The first steps are being taken to tackle the challenge of space debris!
(Credit for cover image at the top of the page: Space Waste Lab; screenshot from this video)
Watch the video below producd by ESA in 2013 to video illustrate the main challenges regarding space debris:
Sustainability of Outer Space: Facing the Challenge of Space Debris
Authors: Biswanath Guptai and Rajrupa Sinha Roy
Published in: Environmental Policy and Law, Vol.48, Iss.1, pp.3–7, 2018
The long-term sustainability of space activities is threatened by several factors, such as environmental concerns, orbital congestion, military activities, and inorbit behaviours. Such sustainability might be enhanced through the formulation of best practices, standards and
rule applicable to space operators. The international community should undertake efforts to develop such rules both in the form of nonbinding norms or, preferably, of binding obligations. No one can deny that the fulfilment of the above issues will be a challenging task. Nevertheless, the authors find a glimmer of hope in the fact that these issues create real and tangible difficulties that must be surmounted if space activities are to continue and to succeed. This fact could contribute to generating the political will and the diplomatic conditions that will enable States to take the issue seriously.
To be sustainable, space development must safeguard humanity so that it can avoid negative consequences of the use of outer space for peaceful resolutions and socioeconomic advantage, both now and in the long term.
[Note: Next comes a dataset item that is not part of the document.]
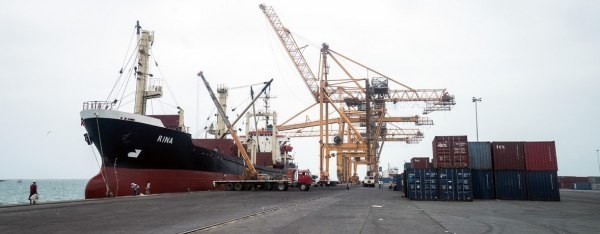 الحكومة تعلن السماح لدخول سفن مشتقات نفطية إلى الحديدة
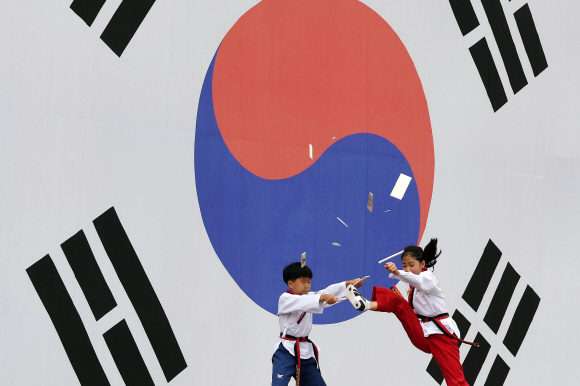 제77회 광복절인 15일 서울 서대문형무소 역사관에서 미동초등학교 태권도 시범단이 태권도 시범을 하고 있다. 2022. 8. 15 박윤슬 기자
If States cannot achieve international cooperation on these matters, or if their discussion and agreements cannot produce the means to ensure that activities and objects in outer space are safe, secure and peaceful, the activity, object or facility in question should be cut off. Without internationally coordinated efforts, people could eventually be unable to use the space environment for national security reasons, Earth observations (including financial transactions, the internet, telecommunications, data transfer and television), navigation, scientific exploration, or economic progress. Human space flight in earth’s orbit could come to an end. Lack of sustainability would mean that countries, especially those just developing the capacity to engage in space activities, could face insoluble difficulties. Addressing the necessities for space sustainability, we can avert negative trends from becoming norms, and make sure that outer space can be used by every single country, not just advanced space countries.